** Opening PROVIDED DATA block **
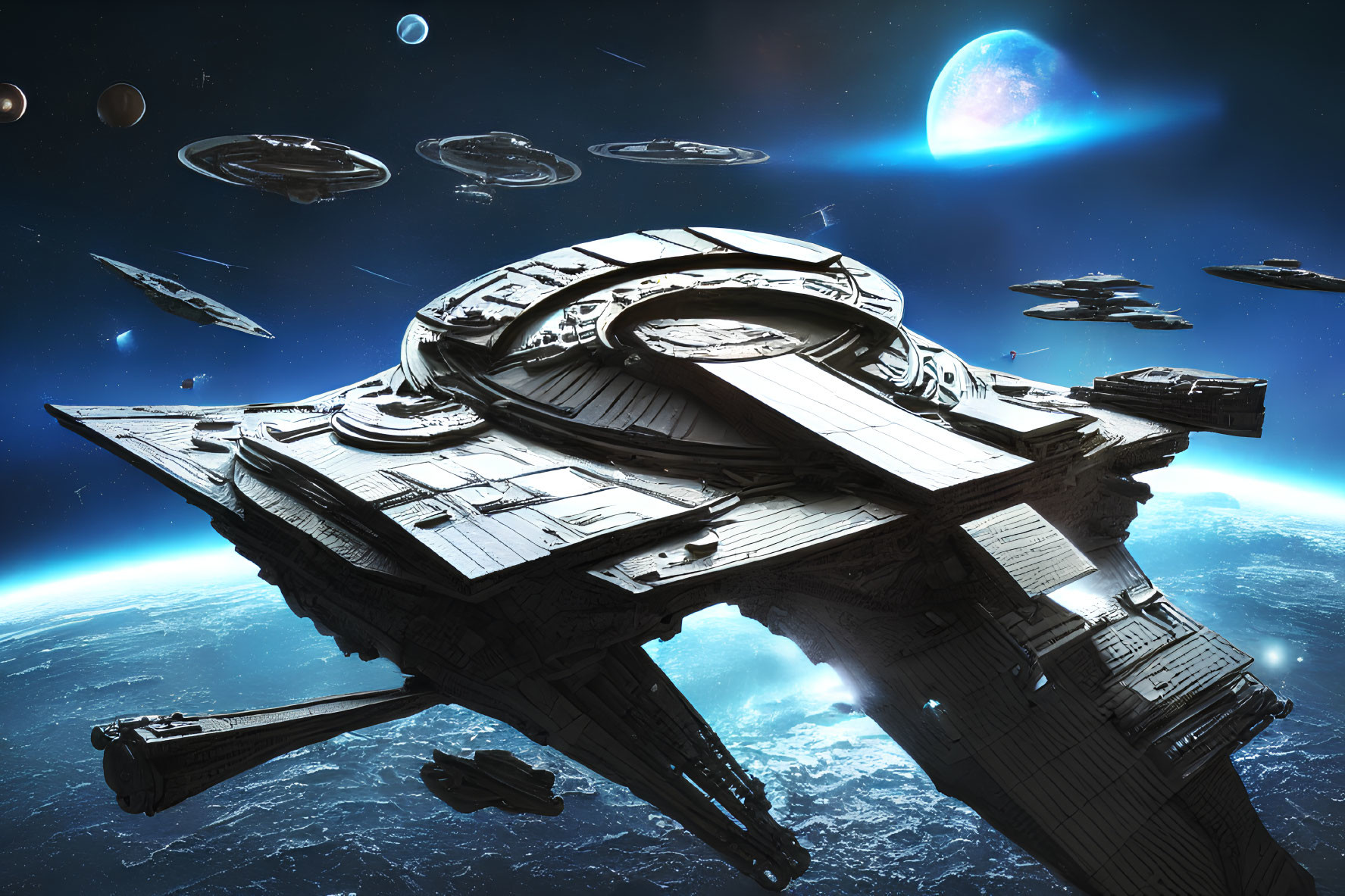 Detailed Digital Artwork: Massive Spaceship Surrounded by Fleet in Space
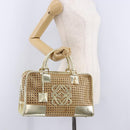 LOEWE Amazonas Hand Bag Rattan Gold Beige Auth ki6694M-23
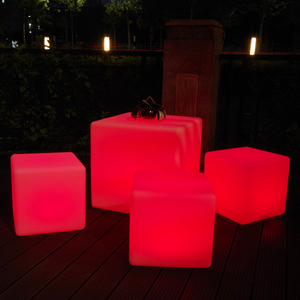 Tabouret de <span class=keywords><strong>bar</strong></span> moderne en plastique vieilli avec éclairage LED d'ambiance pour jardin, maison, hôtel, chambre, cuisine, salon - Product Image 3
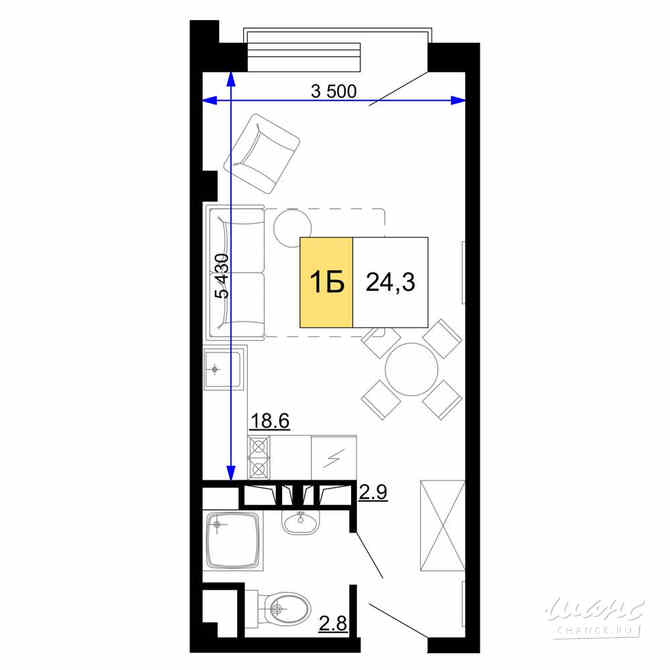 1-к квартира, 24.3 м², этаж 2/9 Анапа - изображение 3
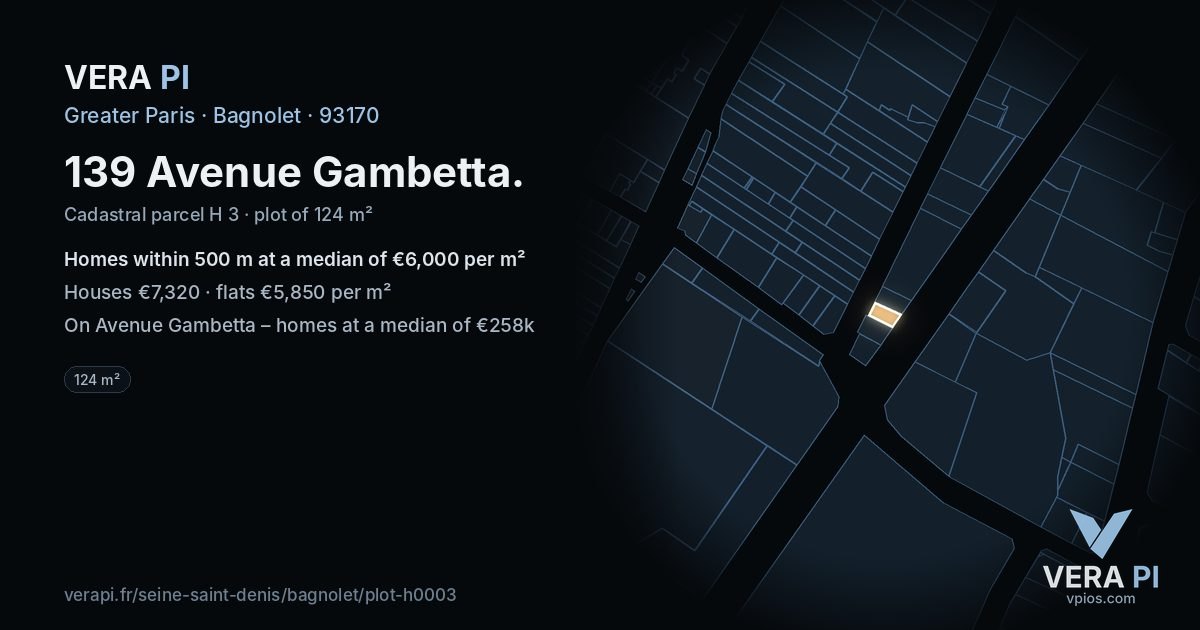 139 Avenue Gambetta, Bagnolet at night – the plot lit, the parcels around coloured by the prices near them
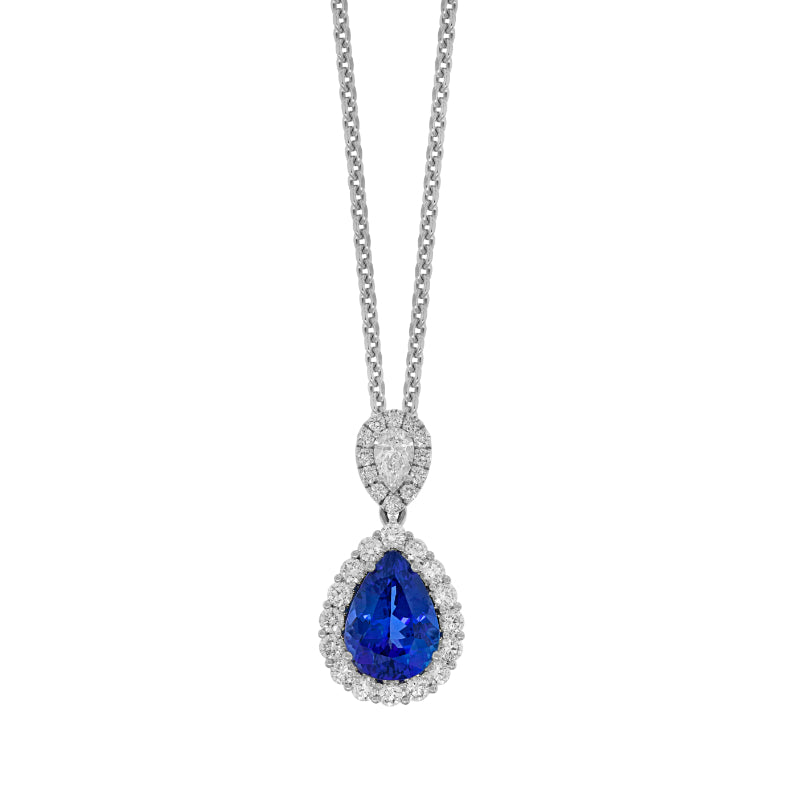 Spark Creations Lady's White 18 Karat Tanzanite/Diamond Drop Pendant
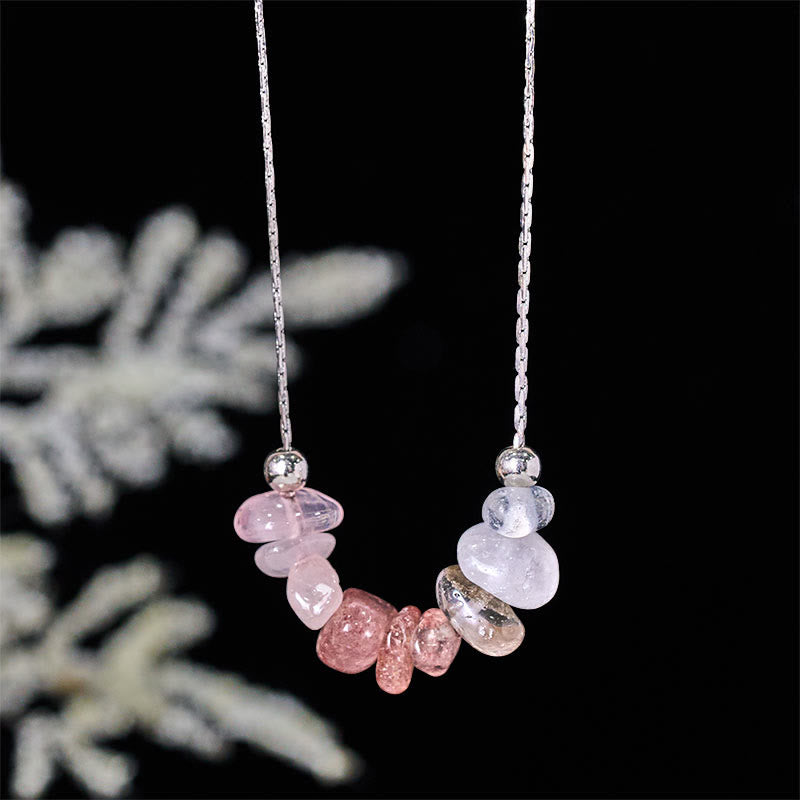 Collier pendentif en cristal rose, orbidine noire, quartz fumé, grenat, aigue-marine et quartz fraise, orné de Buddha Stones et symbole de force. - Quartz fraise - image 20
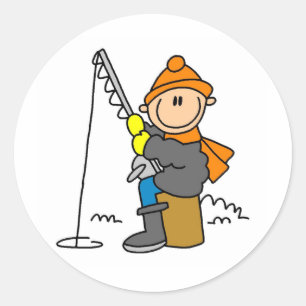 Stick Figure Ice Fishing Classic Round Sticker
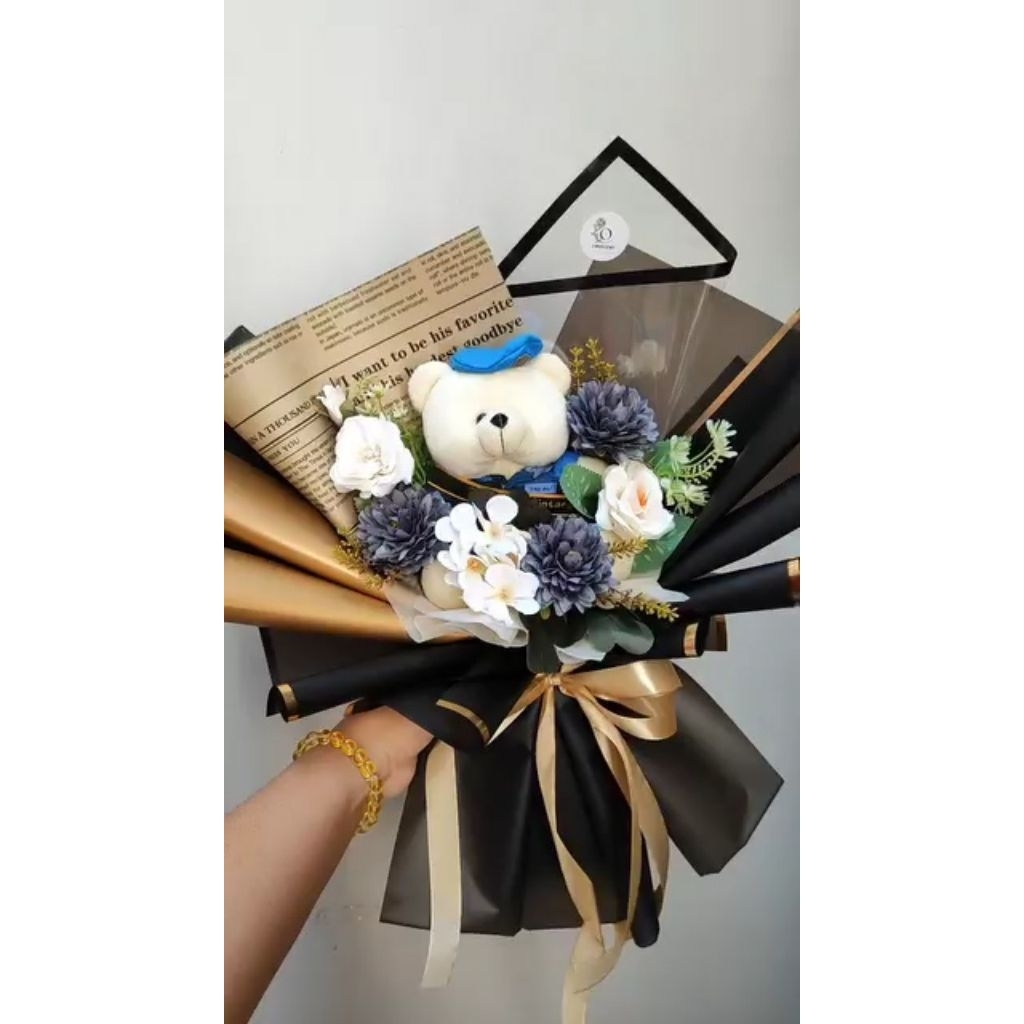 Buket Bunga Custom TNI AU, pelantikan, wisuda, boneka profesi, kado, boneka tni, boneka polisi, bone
** Closing PROVIDED DATA block **
[EXERCISE PROMPT]
Your copy should match the data exactly, apart from the images, which are dropped.

[FINISHED EXERCISE]
 Detailed Digital Artwork: Massive Spaceship Surrounded by Fleet in Space
 LOEWE Amazonas Hand Bag Rattan Gold Beige Auth ki6694M-23
 Tabouret de <span class=keywords><strong>bar</strong></span> moderne en plastique vieilli avec éclairage LED d'ambiance pour jardin, maison, hôtel, chambre, cuisine, salon - Product Image 3
 1-к квартира, 24.3 м², этаж 2/9 Анапа - изображение 3
 139 Avenue Gambetta, Bagnolet at night – the plot lit, the parcels around coloured by the prices near them
 Spark Creations Lady's White 18 Karat Tanzanite/Diamond Drop Pendant
 Collier pendentif en cristal rose, orbidine noire, quartz fumé, grenat, aigue-marine et quartz fraise, orné de Buddha Stones et symbole de force. - Quartz fraise - image 20
 Stick Figure Ice Fishing Classic Round Sticker
 Buket Bunga Custom TNI AU, pelantikan, wisuda, boneka profesi, kado, boneka tni, boneka polisi, bone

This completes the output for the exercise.